Advertising, this blog, and other ways I’m working to bring content to you are slowly bringing in more people. But it’s slow. This website had, on its best ever day, 61 views. I’ve had 1,748 views…ever. My Facebook page has 94 likes, and my Twitter has 66 followers. So when I open my Patreon, realistically, I’m not going to get a lot of people signing up straight away.
And that’s okay.
I don’t care if my Patreon opens to no one but my mother and a few friends. It’s a start, just like writing a draft or even publishing a book is only the beginning. Eventually, those 120 sales, those scant few website views, can turn into a lot more – as long as I keep going.
Impressively, I actually believe this, too.
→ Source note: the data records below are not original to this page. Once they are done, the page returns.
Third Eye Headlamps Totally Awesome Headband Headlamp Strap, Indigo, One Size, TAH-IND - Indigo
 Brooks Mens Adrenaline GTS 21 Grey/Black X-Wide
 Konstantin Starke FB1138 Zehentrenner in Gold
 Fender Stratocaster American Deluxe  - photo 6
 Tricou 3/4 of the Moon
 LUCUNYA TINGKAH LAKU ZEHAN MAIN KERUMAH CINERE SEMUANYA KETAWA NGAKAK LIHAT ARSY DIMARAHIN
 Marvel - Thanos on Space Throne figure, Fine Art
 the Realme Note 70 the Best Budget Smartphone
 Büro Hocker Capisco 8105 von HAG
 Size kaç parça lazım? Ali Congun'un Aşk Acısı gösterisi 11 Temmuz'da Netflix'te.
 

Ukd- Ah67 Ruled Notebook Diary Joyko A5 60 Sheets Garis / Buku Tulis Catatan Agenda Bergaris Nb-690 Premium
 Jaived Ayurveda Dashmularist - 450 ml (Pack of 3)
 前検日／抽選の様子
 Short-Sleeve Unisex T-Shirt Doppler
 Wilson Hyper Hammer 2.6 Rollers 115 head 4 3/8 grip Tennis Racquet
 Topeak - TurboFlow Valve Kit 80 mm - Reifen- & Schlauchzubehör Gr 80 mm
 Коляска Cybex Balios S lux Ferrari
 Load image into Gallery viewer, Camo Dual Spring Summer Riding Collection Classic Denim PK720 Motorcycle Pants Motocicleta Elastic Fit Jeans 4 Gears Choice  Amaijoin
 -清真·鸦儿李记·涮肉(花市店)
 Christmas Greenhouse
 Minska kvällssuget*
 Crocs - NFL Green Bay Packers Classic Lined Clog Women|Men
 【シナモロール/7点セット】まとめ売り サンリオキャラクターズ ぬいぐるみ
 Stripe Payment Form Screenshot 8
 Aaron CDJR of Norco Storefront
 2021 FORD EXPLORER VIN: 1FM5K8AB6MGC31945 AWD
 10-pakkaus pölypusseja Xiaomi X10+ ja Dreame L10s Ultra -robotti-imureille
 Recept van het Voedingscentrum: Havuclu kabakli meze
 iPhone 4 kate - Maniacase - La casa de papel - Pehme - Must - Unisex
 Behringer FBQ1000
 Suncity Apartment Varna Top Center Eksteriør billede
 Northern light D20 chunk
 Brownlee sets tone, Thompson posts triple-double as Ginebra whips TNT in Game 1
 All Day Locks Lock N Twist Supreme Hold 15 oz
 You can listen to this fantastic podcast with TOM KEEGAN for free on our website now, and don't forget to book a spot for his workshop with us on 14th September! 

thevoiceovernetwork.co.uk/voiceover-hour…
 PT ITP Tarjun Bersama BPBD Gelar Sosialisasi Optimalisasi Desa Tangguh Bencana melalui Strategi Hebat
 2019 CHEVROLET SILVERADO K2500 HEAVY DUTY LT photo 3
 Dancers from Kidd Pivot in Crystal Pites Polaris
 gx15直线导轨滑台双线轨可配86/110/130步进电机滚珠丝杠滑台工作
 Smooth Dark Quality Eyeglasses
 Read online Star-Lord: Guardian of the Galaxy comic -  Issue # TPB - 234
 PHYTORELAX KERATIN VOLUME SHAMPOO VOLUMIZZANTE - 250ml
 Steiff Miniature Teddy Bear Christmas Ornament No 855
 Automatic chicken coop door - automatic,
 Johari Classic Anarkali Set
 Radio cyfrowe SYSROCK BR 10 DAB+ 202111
I’m not just saying it to you in an attempt to convince myself. I’m anxious about almost everything in my life, but I am not about this. I’m genuinely happy to ride this train along and see where it takes me.
I can’t express to you just how freeing this is as a feeling. Even on the days where I am depressed, even on the days where I am overwhelmed by everything, there is still this fundamental truth: I am happy with where I am right now.
Let’s say that again for the anxiety in the back: I am happy with where I am right now.
So watch this space over the coming weeks, because this momentum is going to carry us forward through the holidays and into the new year. Things are almost ready with the Patreon and I’m delighted to say I’ll be launching it next week, along with opening Mundane Magic up to an even wider audience and bringing more people into our community.
Thank you for coming with me. I love you very much.
Following this post, Patreon stated that they are no longer intending to roll out these new fees!